You don't seem to have an alignment, but rather a collection of fasta sequences. If I am interpreting that correctly, seqtk will do the trick:
seqtk seq -L XX file.fas > trimmed.fas
XX in the command above is the cutoff length.
If this is actually a poorly formatted fasta alignment, this script should do the job:
import sys
from Bio import SeqIO
FastaFile = open(sys.argv[1], 'r')
FastaDroppedFile = open(sys.argv[2], 'w')
drop_cutoff = float(sys.argv[3])
if (drop_cutoff > 1) or (drop_cutoff < 0):
    print('\n Sequence drop cutoff must be in 0-1 range !\n')
    sys.exit(1)
for seqs in SeqIO.parse(FastaFile, 'fasta'):
    name = seqs.id
    seq = seqs.seq
    seqLen = len(seqs)
    gap_count = 0
    for z in range(seqLen):
        if seq[z]=='-':
            gap_count += 1
    if (gap_count/float(seqLen)) >= drop_cutoff:
        print(' %s was removed.' % name)
    else:
        SeqIO.write(seqs, FastaDroppedFile, 'fasta')
FastaFile.close()
FastaDroppedFile.close()
Save it as fasta_drop.py and then try:
python fasta_drop.py file.fas trimmed.fas 0.5
This will drop all the sequences that have gaps in >=50% of alignment positions.
                    
                
                 
Thanks a lot for the suggestions!
Yes, it's not an alignment rather a collection of fasta sequences that I want to align but only after removing shorter sequences. Sorry about the confusion.

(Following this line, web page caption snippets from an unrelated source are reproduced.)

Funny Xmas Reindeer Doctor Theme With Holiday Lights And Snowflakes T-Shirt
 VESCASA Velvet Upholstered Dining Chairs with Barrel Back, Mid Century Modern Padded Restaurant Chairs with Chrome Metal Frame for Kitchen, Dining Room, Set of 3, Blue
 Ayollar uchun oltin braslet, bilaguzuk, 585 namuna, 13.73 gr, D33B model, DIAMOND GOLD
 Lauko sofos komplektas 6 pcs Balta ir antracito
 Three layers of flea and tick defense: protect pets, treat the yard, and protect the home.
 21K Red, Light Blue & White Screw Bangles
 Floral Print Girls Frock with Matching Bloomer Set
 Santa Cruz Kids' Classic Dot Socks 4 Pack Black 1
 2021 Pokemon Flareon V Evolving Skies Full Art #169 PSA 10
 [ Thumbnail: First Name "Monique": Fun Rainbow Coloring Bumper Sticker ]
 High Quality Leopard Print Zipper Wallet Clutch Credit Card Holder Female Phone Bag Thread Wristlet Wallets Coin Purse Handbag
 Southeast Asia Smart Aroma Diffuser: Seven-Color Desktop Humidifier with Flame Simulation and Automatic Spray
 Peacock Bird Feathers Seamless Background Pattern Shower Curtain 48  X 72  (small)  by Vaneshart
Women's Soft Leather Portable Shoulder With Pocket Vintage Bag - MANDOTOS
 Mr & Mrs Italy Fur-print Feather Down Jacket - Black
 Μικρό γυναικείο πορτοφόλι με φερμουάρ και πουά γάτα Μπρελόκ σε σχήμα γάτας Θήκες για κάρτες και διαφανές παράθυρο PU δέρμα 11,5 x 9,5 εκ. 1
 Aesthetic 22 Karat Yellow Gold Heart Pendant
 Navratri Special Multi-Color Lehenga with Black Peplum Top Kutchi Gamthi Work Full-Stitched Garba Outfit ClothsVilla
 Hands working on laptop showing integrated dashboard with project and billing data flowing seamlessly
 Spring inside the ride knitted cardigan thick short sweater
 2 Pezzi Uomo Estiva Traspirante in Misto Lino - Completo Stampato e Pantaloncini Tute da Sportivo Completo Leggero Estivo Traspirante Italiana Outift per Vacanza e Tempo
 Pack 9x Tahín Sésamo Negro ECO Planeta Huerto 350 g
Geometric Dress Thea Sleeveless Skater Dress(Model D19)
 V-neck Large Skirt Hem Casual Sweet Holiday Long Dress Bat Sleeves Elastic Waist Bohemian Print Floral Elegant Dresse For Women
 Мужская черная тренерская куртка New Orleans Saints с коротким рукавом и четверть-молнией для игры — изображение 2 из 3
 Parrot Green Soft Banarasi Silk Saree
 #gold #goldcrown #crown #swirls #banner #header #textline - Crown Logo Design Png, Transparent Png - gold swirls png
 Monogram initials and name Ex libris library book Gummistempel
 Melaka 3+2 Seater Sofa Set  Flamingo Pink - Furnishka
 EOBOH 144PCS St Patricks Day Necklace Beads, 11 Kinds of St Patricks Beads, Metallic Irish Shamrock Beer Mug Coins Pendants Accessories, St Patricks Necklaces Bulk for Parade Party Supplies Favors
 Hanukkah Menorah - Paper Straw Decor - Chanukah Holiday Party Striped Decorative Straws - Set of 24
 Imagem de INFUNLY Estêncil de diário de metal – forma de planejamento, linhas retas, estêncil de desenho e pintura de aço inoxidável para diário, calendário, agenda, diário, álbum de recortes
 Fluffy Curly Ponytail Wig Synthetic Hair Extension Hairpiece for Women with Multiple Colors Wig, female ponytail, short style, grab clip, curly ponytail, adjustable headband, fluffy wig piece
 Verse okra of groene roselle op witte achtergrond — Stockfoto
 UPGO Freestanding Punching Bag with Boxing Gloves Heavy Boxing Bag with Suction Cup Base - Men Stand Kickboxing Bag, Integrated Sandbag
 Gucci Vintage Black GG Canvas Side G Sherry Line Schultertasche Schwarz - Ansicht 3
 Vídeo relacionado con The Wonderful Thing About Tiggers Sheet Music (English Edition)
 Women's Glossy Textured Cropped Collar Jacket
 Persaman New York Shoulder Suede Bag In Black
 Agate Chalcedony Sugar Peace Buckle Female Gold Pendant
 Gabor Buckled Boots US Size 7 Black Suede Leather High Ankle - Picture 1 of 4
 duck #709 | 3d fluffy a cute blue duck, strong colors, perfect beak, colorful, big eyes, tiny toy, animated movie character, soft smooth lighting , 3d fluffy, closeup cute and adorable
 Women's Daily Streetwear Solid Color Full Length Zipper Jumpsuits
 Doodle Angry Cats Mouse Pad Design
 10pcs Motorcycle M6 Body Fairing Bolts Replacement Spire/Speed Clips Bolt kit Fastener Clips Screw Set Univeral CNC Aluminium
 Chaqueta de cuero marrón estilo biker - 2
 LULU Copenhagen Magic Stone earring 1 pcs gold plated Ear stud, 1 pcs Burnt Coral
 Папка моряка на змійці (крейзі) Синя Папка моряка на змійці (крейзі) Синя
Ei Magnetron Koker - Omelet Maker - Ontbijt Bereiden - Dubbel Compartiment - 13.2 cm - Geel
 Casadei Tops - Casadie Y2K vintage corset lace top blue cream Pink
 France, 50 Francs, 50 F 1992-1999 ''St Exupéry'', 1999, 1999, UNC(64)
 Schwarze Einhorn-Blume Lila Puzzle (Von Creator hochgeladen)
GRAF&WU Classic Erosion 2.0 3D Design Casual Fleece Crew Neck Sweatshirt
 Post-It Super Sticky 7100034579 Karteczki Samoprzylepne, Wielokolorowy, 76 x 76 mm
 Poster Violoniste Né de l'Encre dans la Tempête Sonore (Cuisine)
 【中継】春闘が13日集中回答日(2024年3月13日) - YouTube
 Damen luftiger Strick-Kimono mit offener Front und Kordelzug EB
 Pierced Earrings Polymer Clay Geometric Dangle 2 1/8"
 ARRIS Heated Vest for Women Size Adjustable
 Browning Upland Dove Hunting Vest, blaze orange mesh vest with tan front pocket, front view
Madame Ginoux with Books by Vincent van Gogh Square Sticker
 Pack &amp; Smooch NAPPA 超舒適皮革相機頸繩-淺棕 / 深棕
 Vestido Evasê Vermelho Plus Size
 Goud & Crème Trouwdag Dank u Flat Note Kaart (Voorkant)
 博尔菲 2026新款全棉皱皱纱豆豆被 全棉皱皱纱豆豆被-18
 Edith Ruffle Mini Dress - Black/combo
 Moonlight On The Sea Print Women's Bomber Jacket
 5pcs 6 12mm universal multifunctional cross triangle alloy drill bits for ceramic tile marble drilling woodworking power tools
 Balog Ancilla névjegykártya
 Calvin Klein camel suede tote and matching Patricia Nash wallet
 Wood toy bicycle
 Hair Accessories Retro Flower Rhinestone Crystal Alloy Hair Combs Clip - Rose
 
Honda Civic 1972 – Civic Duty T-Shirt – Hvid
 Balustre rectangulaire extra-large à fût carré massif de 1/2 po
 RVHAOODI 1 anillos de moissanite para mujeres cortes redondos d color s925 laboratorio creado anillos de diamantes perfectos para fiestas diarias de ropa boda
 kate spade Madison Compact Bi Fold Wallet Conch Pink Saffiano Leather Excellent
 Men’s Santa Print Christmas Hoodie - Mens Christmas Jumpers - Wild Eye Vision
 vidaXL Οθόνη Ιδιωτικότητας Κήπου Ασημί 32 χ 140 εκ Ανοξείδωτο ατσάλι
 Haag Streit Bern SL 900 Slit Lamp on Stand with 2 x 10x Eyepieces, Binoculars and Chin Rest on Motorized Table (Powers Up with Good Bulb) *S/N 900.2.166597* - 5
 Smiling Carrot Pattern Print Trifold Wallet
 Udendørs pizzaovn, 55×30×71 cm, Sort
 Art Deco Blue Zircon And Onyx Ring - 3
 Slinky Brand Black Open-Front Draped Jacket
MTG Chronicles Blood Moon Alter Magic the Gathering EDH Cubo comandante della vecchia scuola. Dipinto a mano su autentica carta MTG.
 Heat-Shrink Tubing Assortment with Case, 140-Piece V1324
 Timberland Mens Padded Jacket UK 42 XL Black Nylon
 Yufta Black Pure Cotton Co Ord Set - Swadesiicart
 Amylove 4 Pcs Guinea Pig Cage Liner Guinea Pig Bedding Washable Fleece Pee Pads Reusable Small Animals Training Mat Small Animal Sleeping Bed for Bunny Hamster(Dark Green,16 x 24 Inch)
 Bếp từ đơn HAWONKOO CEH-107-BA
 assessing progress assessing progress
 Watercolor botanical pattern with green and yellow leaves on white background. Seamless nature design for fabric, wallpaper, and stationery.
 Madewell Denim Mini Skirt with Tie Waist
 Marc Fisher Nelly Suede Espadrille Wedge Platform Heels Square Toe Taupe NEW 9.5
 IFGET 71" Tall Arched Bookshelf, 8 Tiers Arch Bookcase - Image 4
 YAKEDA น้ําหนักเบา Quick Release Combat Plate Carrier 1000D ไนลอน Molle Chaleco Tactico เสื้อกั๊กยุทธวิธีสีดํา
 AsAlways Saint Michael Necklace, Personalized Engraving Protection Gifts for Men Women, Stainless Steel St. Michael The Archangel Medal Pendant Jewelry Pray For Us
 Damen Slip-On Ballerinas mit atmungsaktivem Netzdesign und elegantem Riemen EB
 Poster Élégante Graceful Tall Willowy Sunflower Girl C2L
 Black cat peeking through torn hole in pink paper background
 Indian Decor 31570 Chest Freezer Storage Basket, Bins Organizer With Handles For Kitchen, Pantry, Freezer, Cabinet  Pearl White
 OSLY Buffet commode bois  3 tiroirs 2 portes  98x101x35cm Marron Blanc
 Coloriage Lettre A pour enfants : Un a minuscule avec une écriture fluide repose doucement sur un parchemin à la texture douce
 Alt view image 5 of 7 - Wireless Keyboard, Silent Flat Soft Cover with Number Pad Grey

I am familiar with seqtk but for that I need to state cutoff length, which varies for different genes. Proportion instead of fixed cutoff length would be better but couldn't locate proportion in the seqtk manual.
I was able to resolve the issue with running your script. The multi-fasta needs to be aligned before running the script to drop the shorter sequences. Thank you for sharing the script. It was very helpful!